# PROBLEM STATEMENT:
Copy each line of the records exactly, stopping only after the line that contains "Kia Niro 17-22" has been written, and leave pictures out.

Start of EXTRACTED RECORDS

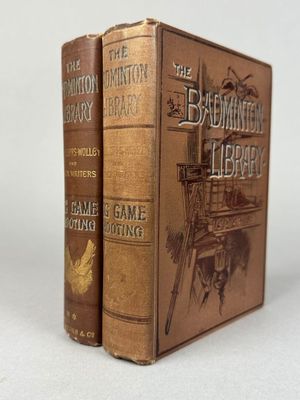 PHILLIPPS-WOLLEY (C.). Big Game Shooting. Londres, Longmans …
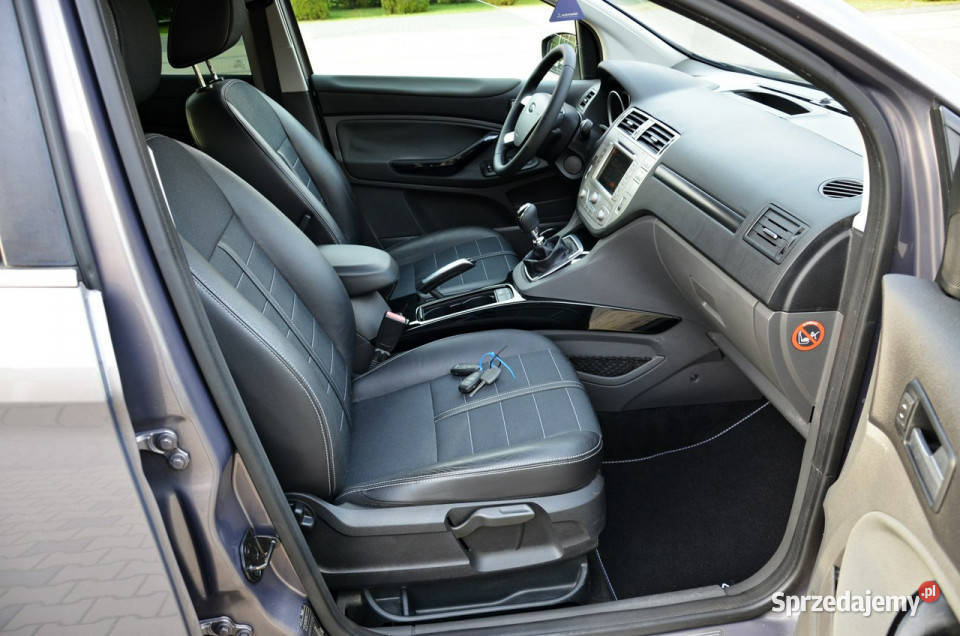 Ford Kuga 20 TDCI 140 137 Navi LED I 200820 Ostrów Mazowiecka sprzedam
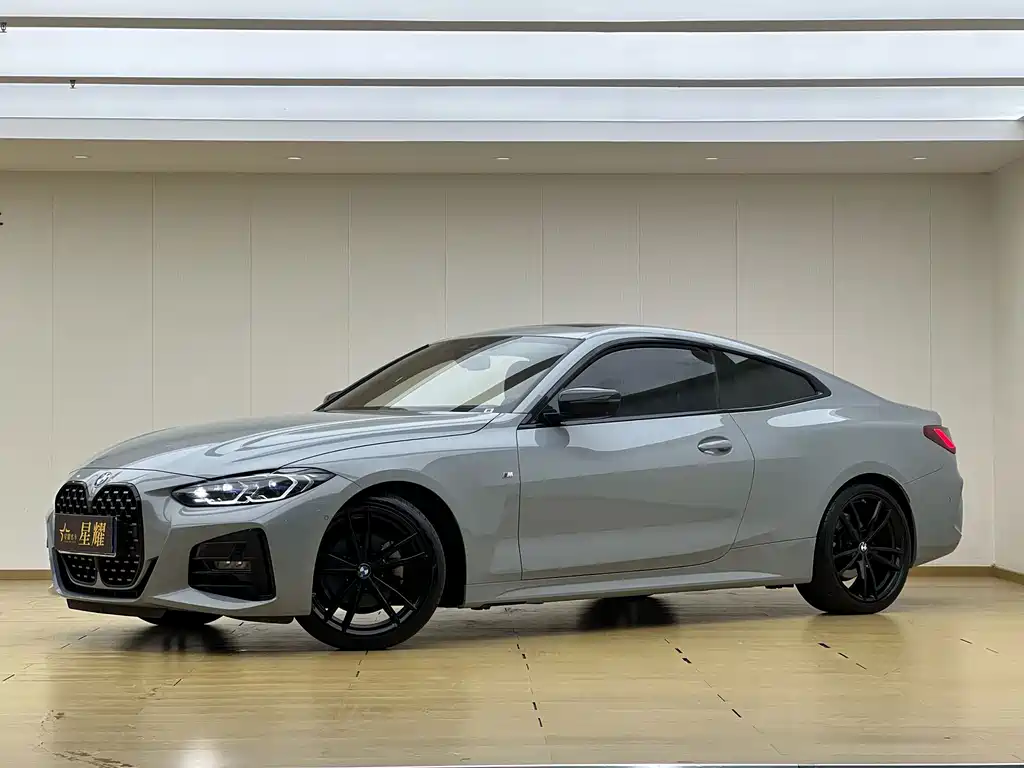 BMW 4 Series — миниатюра 3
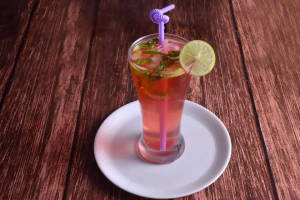 Watermelon Lime Cooler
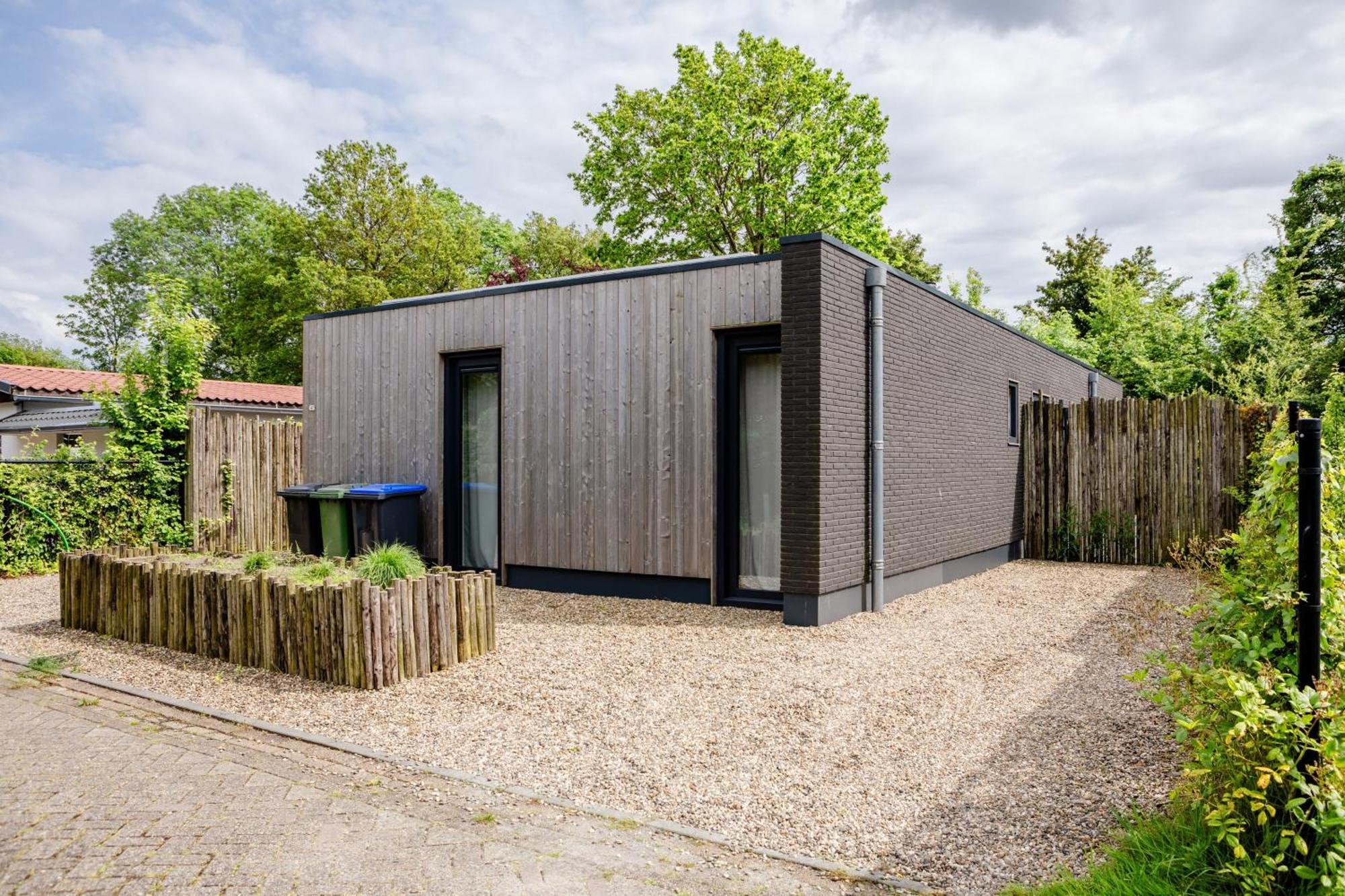 Stijlvol Ingerichte Villa Baarland Exterior foto
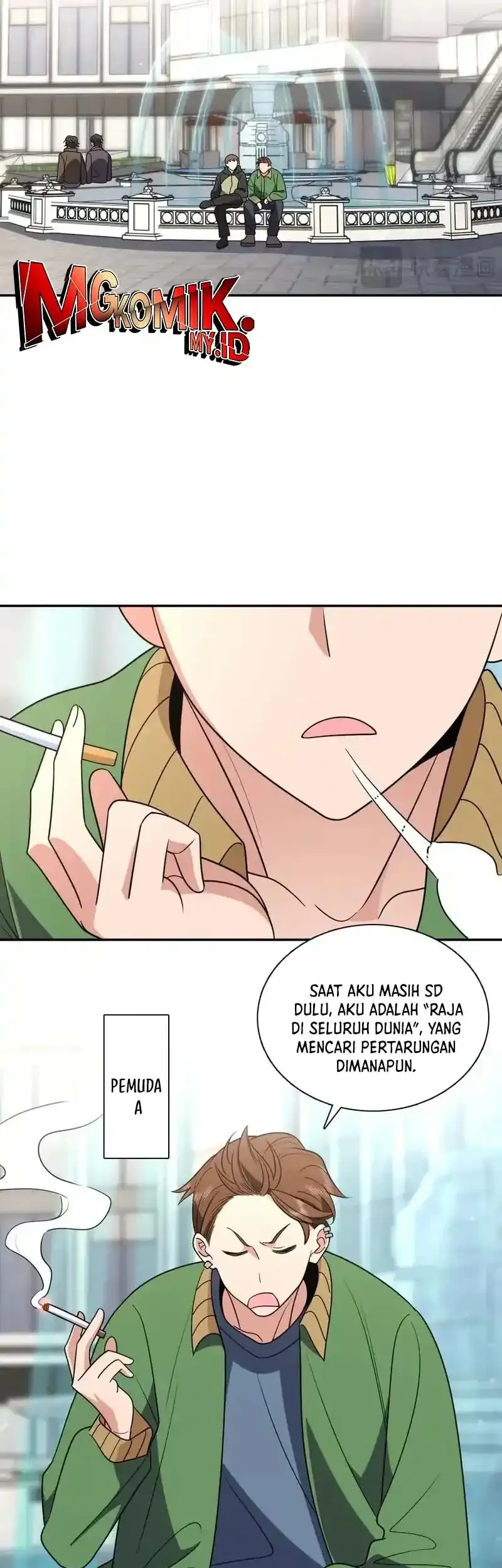 My Wife Is From a Thousand Years Ago Chapter 450 Gambar 7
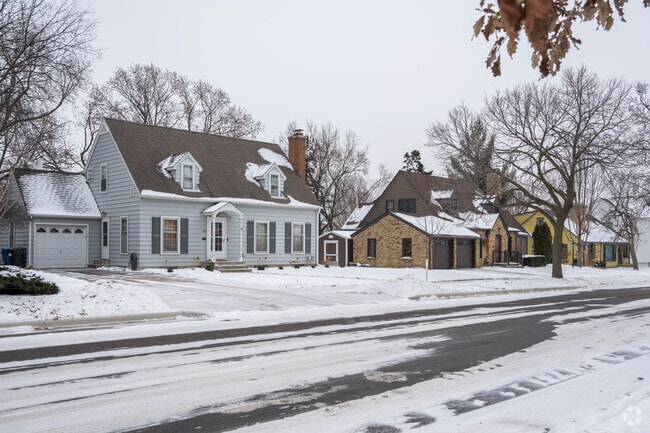 There are many different variations of Cape Cod style homes in Avenues West.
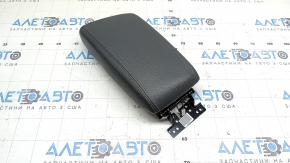 Kia Niro 17-22 HEV, PHEV leather armrest, gray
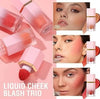Beautious Pack of 2 combo Air Cushion Liquid Blush Natural Long Lasting Matte Cheek Liquid Blusher Makeup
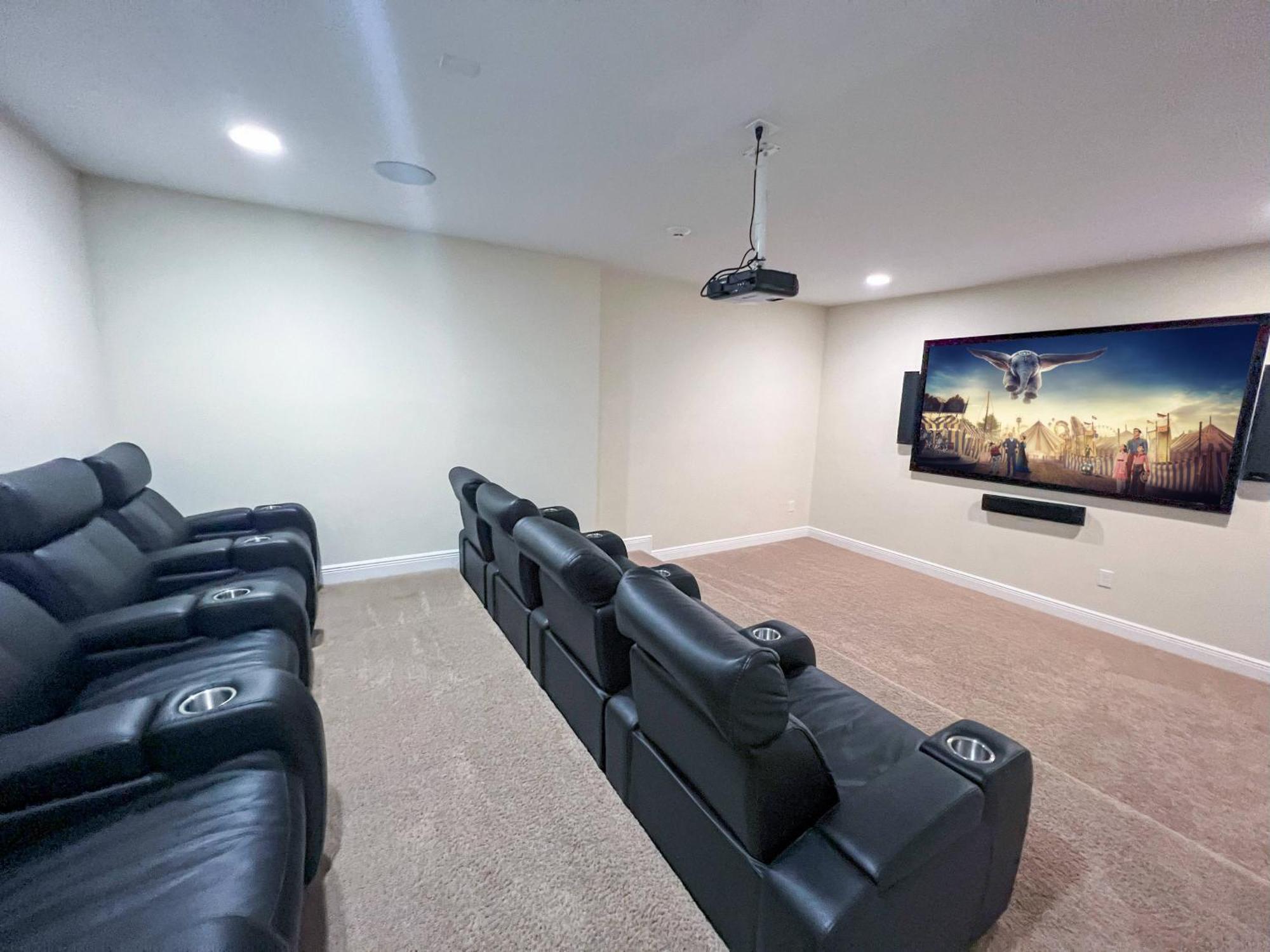 Holiday home Magical Retreat At Encore, Movie Room, Close To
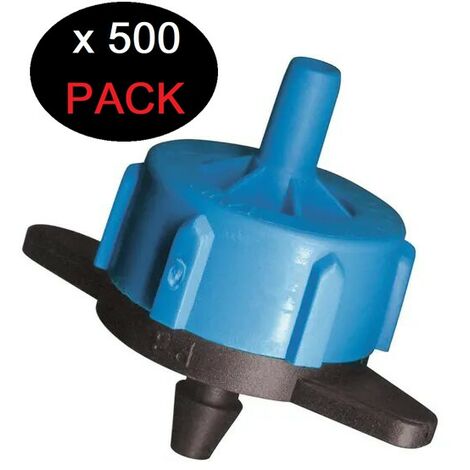 Gocciolatore Autoperforante Rain Bird - 8 L/h Per Irrigazione Siepi E Piante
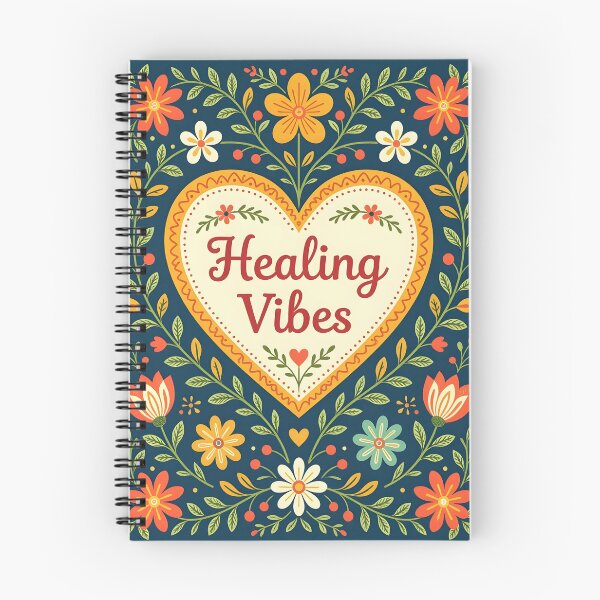 Item preview, Sending you healing vibes designed and sold by Ponted.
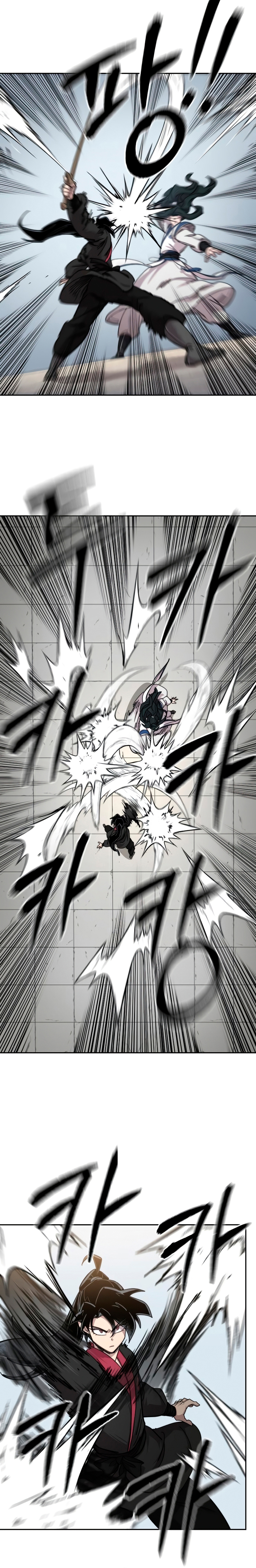 Read Return of the Mount Hua Sect IT Manga Online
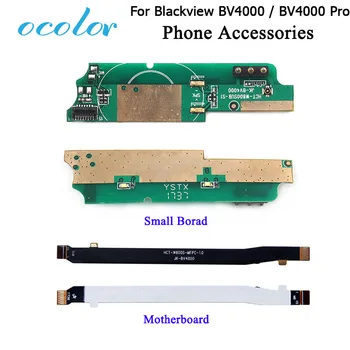 

ocolor For Blackview BV4000 Pro USB Port Phone USB Plug Charge Board With Flex Cable PCB And Motherboard For Blackview BV4000
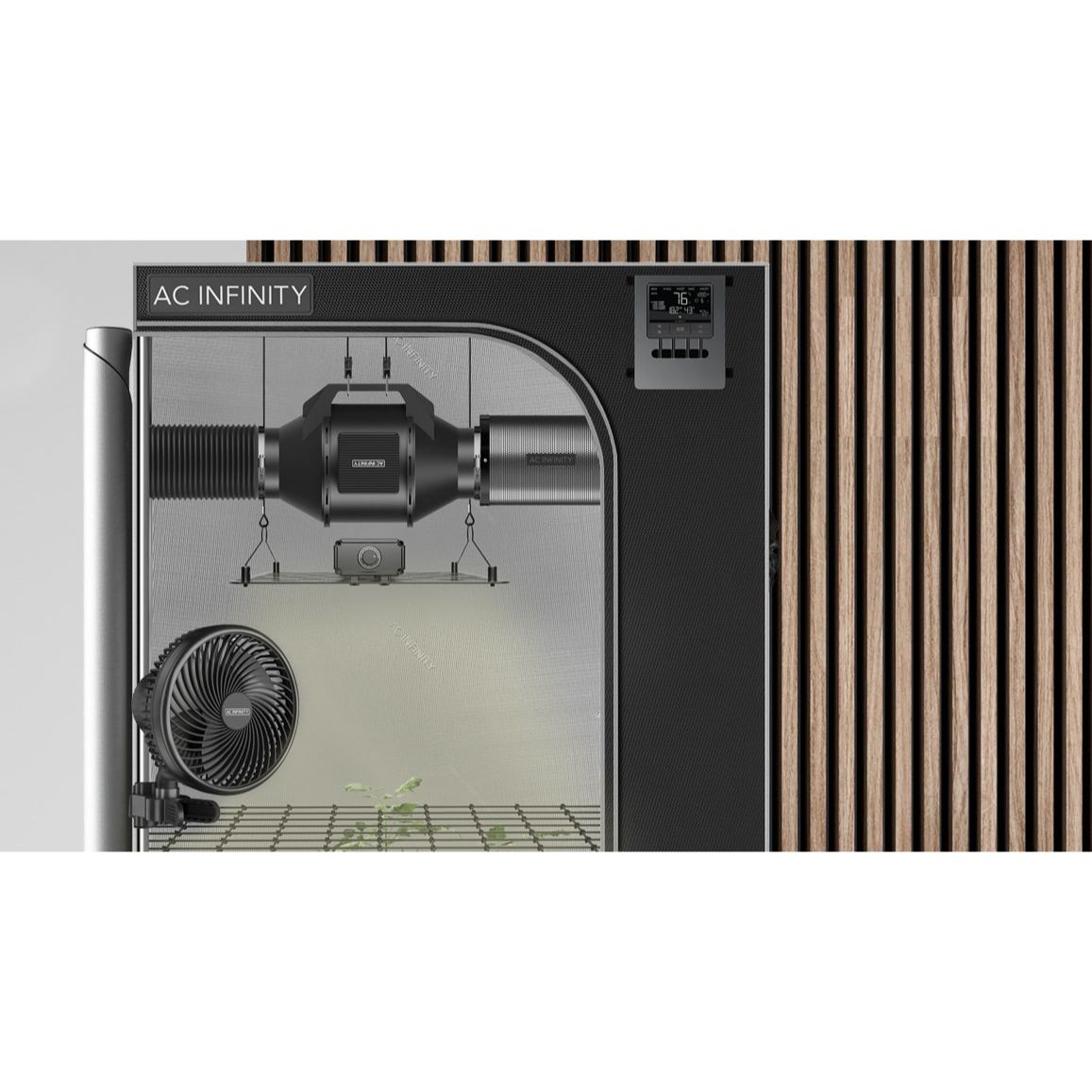 Ac Infinity Website AC Infinity Grow Tent Kit
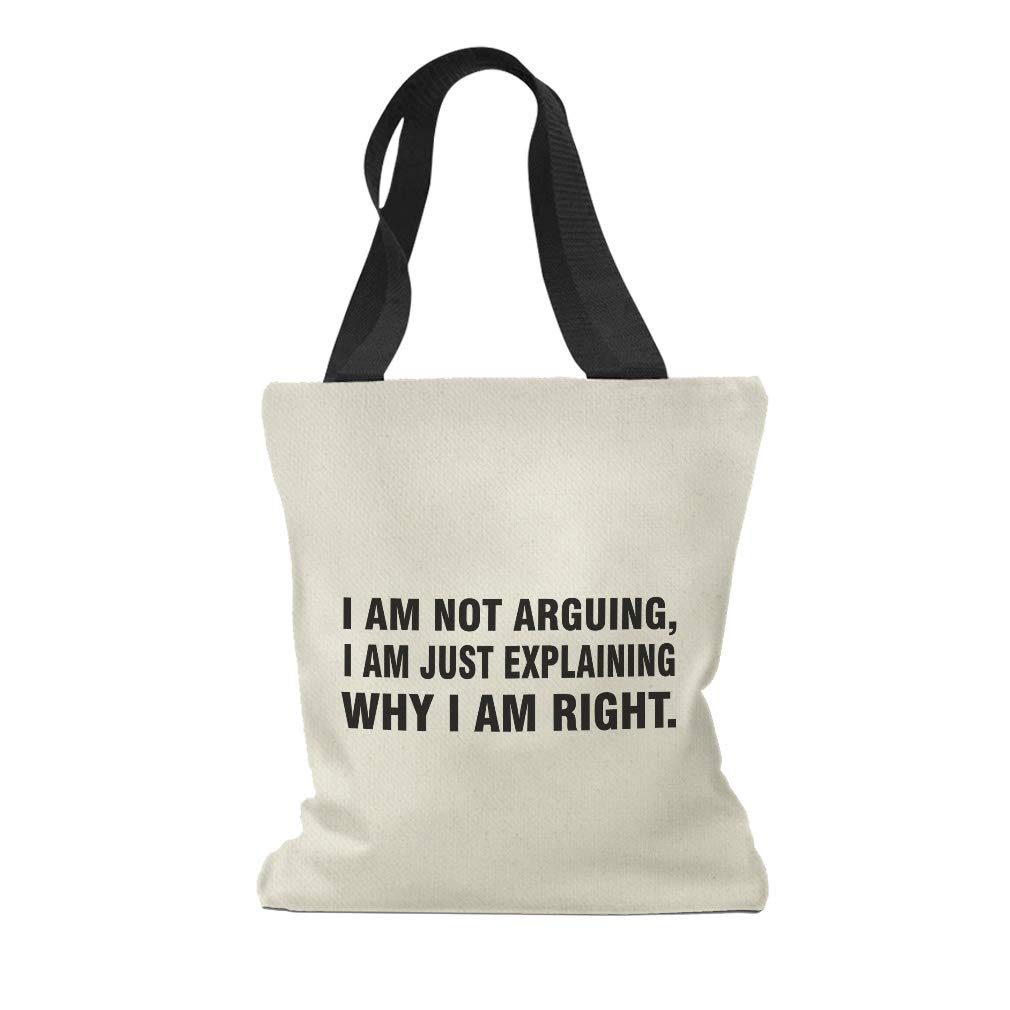Custom Canvas Tote Bag - Eco-Friendly Reusable Shopping & Beach Bag for Women - Perfect for Groceries, Travel, and Daily Use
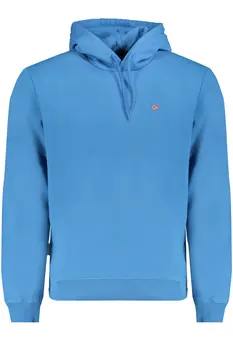 NAPAPIJRI SWEATSHIRT WITHOUT ZIP MEN BLUE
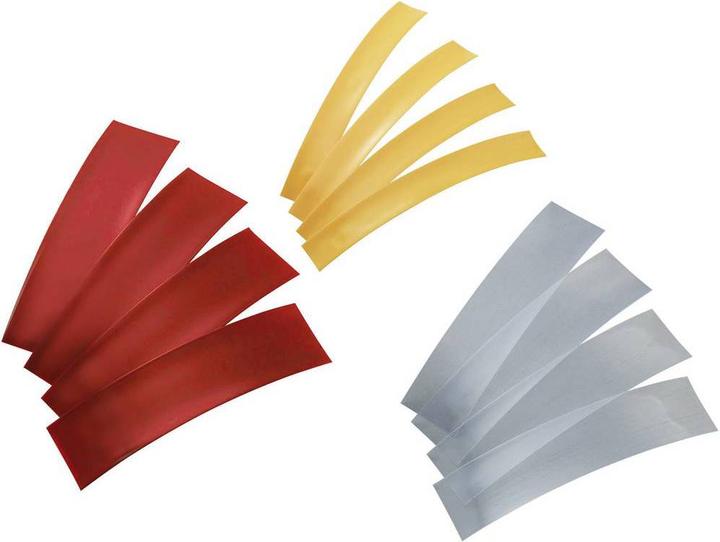 Image du produit Tru Components Kit de gaines thermorétractables pour batterie 2:1 (30x)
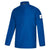 adidas Men's Collegiate Royal/White Game Mode Long Sleeve Quarter Zip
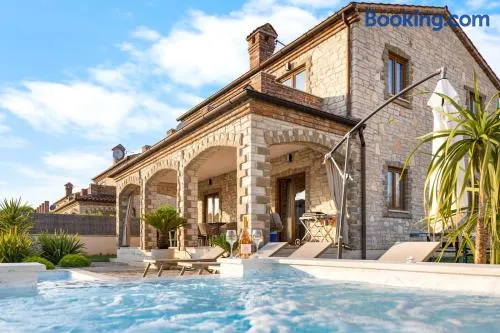 Villa Serenita with heated pool - Image 1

End of EXTRACTED RECORDS

# REPLY:
 PHILLIPPS-WOLLEY (C.). Big Game Shooting. Londres, Longmans …
 Ford Kuga 20 TDCI 140 137 Navi LED I 200820 Ostrów Mazowiecka sprzedam
 BMW 4 Series — миниатюра 3
 Watermelon Lime Cooler
 Stijlvol Ingerichte Villa Baarland Exterior foto
 My Wife Is From a Thousand Years Ago Chapter 450 Gambar 7
 There are many different variations of Cape Cod style homes in Avenues West.
 Kia Niro 17-22 HEV, PHEV leather armrest, gray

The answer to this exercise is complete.